## Work to complete
For the listing below, print exactly the lines from the line with "Hello, welcome to" to the line with "Hello guys, welcome", both included, and nothing beyond them.

## Records supplied
__________
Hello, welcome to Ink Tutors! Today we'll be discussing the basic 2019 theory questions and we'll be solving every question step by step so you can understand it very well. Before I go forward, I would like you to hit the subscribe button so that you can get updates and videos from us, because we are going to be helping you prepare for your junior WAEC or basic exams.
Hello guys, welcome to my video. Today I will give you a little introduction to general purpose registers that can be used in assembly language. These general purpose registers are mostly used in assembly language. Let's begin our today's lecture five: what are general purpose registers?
__________
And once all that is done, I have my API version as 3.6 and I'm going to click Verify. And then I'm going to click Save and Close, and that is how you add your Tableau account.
__________
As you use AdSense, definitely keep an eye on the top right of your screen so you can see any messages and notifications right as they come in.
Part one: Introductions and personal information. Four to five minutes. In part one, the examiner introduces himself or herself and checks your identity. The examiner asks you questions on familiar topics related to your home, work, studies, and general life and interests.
__________
## Answer for the task
Hello, welcome to Ink Tutors! Today we'll be discussing the basic 2019 theory questions and we'll be solving every question step by step so you can understand it very well. Before I go forward, I would like you to hit the subscribe button so that you can get updates and videos from us, because we are going to be helping you prepare for your junior WAEC or basic exams.
Hello guys, welcome to my video. Today I will give you a little introduction to general purpose registers that can be used in assembly language. These general purpose registers are mostly used in assembly language. Let's begin our today's lecture five: what are general purpose registers?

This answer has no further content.